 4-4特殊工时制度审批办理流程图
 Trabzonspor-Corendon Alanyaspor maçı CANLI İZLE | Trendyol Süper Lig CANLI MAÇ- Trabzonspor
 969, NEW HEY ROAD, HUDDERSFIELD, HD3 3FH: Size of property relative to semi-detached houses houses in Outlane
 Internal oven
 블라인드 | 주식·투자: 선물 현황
+ + + +
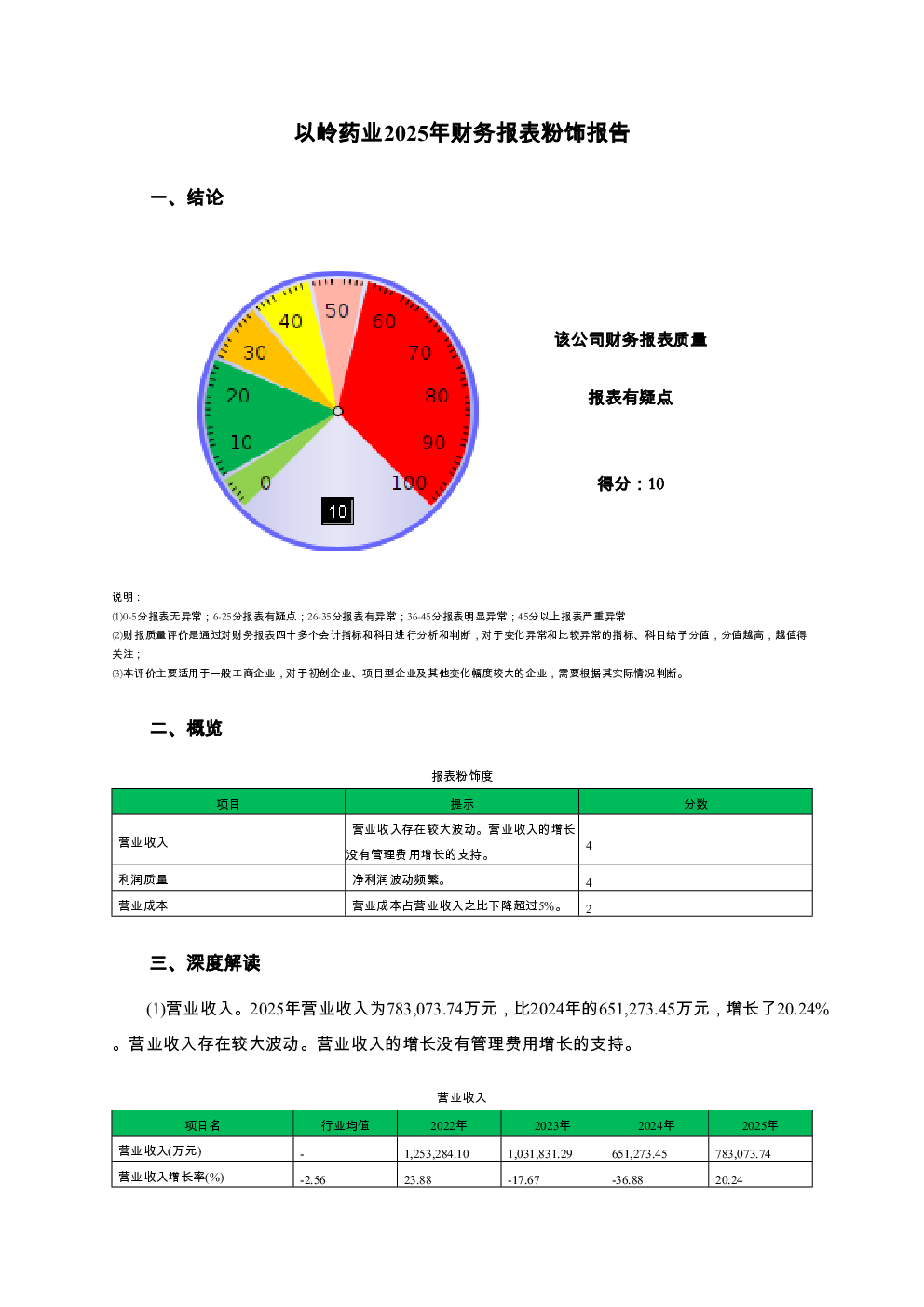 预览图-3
+ + + +
### Work order
Copy out the lines above exactly, beginning at the one that contains "Trabzonspor-Corendon Alanyaspor maçı" and ending at the one that contains "블라인드 | 주식·투자: 선물 현황".

### Output
 Trabzonspor-Corendon Alanyaspor maçı CANLI İZLE | Trendyol Süper Lig CANLI MAÇ- Trabzonspor
 969, NEW HEY ROAD, HUDDERSFIELD, HD3 3FH: Size of property relative to semi-detached houses houses in Outlane
 Internal oven
 블라인드 | 주식·투자: 선물 현황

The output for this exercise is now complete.